Ovviamente il Mattarellum rilanciato dall'Assemblea Pd è una buona soluzione: piccoli collegi, i partiti obbligati a scegliere un candidato "che regga" e che non sia attaccabile, competizione vera tra candidati. Ovviamente era stato già proposto, tre anni fa, da Giachetti, con una specifica mozione alla Camera, e due terzi del Pd aveva detto: che cazzata. Ovviamente Speranza si era alzato in aula a nome del Pd (era capogruppo) e aveva chiesto di non votare nemmeno la cazzata, di ritirare la mozione e punto. Ovviamente Giachetti aveva tenuto botta e si era andati al voto: il M5S e Sel e Civati e 34 Pd avevano votato a favore, tutti gli altri contro. Ovviamente voi tutte queste cose ve le ricordate e quindi vi è facile capire che, tre anni dopo, a un certo punto, quando quello fa l'elogio del Mattarellum e dice "l'ho inventato io", l'espressione faccia come il culo scappi.

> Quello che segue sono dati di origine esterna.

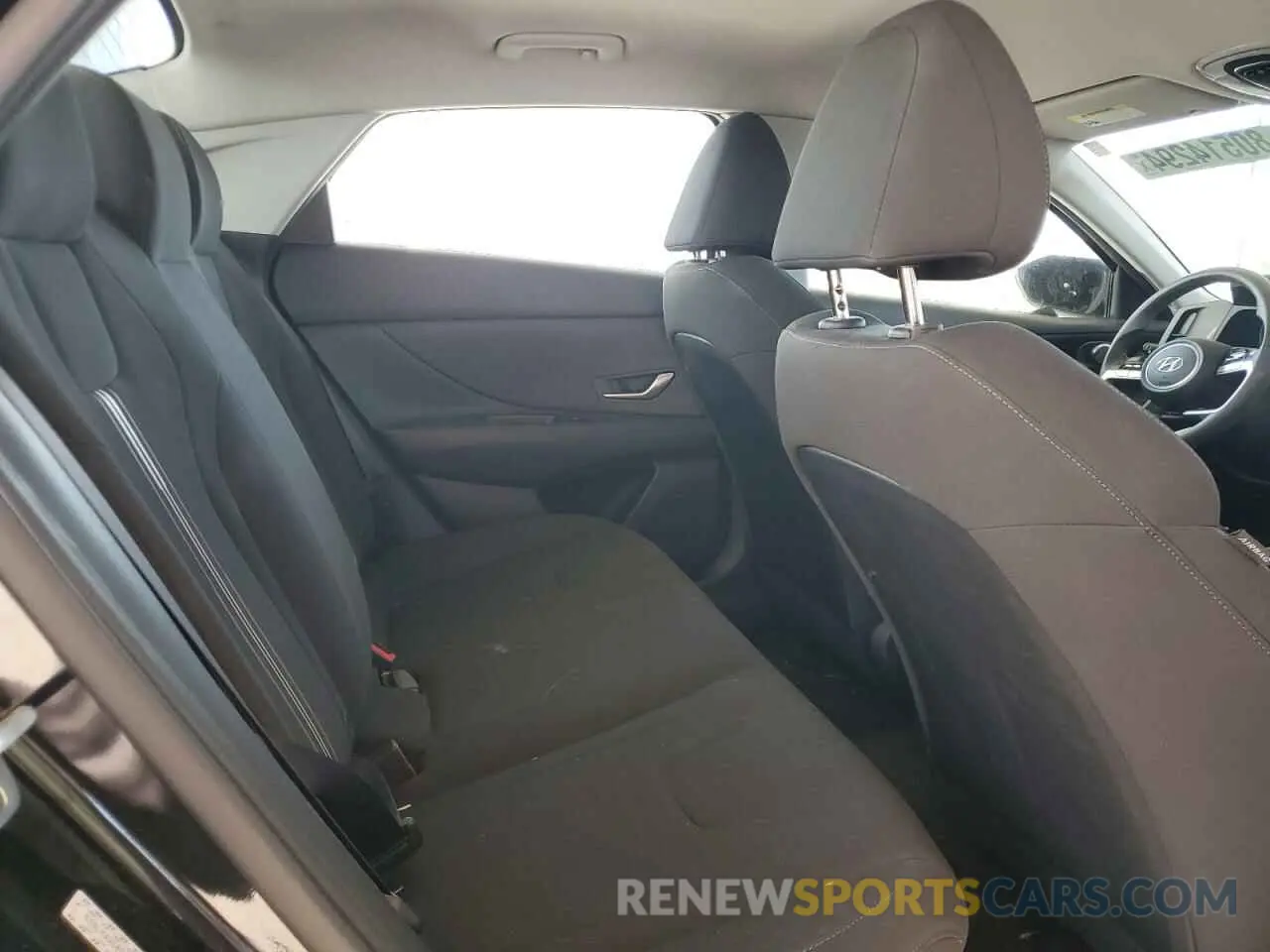 10 fotografías del automóvil dañado KMHLM4AG0PU457572 HYUNDAI ELANTRA 2023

Qui su Strade si può sviluppare il ragionamento. Ricordando innanzitutto l’epoca dei fatti: la primavera 2013, subito dopo le amministrative a Roma (quelle che videro vittorioso Marino). Governava Enrico Letta. Il M5S era una minaccia ancora relativa. Larghe intese - Berlusconi aveva votato la fiducia – e cantiere riformista appena aperto. Su questa storia del “rifacciamo il Mattarellum” Roberto Giachetti si era impegnato moltissimo, anche con un lungo sciopero della fame. Il contesto però era assai ostile. Il Pd lavorava all’accordo col Cavaliere per modificare il Porcellum senza stravolgerlo, e l’idea di Giachetti rischiava di far saltare gli accordi soprattutto perché – alla vigilia del voto in aula sulla mozione “rifacciamo il Mattarellum” – si era improvvisamente diffusa la notizia che i grillini appoggiassero la proposta, e che la proposta potesse passare. Sarebbe stato un disastro. Soprattutto per l’asse politico dell’epoca, che vedeva Bersani, Franceschini e Letta (con Epifani a coté) dalla stessa parte della barricata, quella della contrattazione col Cavaliere.

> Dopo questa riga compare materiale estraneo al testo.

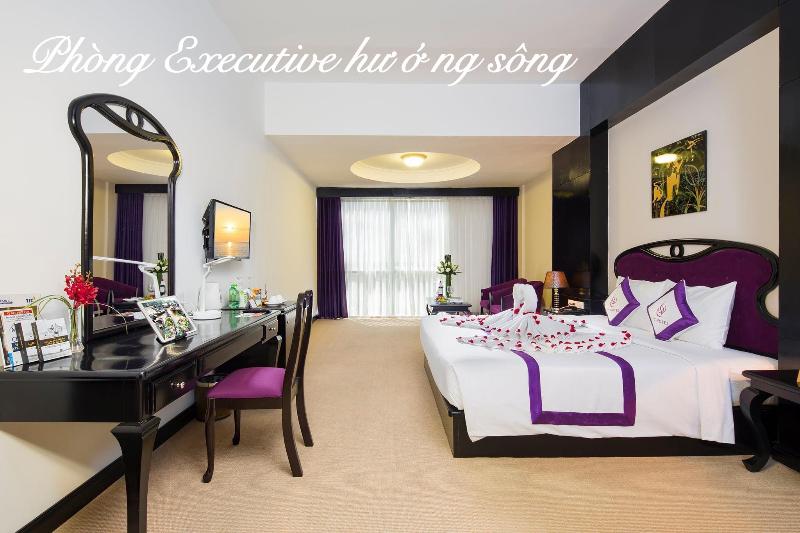 Camera Deluxe, Sina Bernini Bristol, Autograph Collection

Dunque, moral suasion. Dunque, pressing per il ritiro delle firme dalla mozione (ne saltarono 17). Dunque, Speranza (era capogruppo Pd) che ammonisce i deputati: “la mozione anticipa l'esito di una discussione ancora da compiersi” e chiede a Giachetti di ritirarla. E Giachetti che va avanti. E il M5S, Sel e i civatiani che appoggiano la cosa. E finalmente il voto, che però è una débacle. Oltre a quelli che dicono No aderendo alla richiesta di Speranza, ci sono una cinquantina di assenti perché la parola d’ordine è: se proprio non ce la fate a dire No, almeno non venite. E infine, due sere dopo, Simona Bonafè che spiega a Piazzapulita la posizione sua e degli altri che hanno cambiato idea: “Ho votato contro per spirito di partito perché, proprio per agevolare l’accordo sulle riforme con Berlusconi, dal mio partito mi era stato chiesto di non inficiare questo rapporto”.

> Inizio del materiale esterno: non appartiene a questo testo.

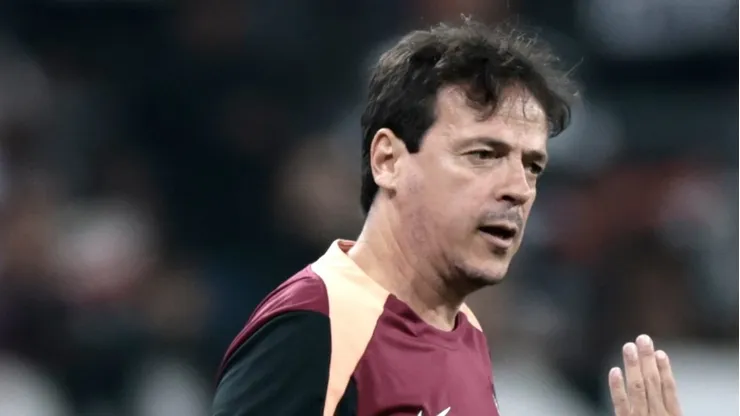 Fernando Diniz tecnico do Corinthians durante partida contra o Palmeiras no estadio Arena Corinthians pelo campeonato Brasileiro A 2026.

Ecco, ricordando tutto ciò sarà facile capire perché domenica, quando Speranza si lancia nell’elogio del Mattarellum, e parla del Mattarellum-bis come se fosse un’ideona sua, e se ne annette la paternità suonando le trombe e presentandola come una genialata della sinistra interna, a uno con la faccia di Giachetti, che quella faccia sul Mattarellum ce l’ha messa davvero, in tempi non sospetti, sfidando i vertici del partito suo, digiunando, resistendo a lusinghe e minacce perché si tirasse indietro, viene spontaneo affidarsi a quell’espressione romanesca. Non il top dell’insulto – “infamità” sarebbe troppo impegnativo, in fondo è solo una giravolta da mestieranti – ma un colorito richiamo alla realtà. E magari sarebbe andato bene anche qualcosa di più light, “c’hai gli specchi di legno” oppure “faccia di bronzo”, ma insomma: è uscito “faccia come il culo”, e tant’è.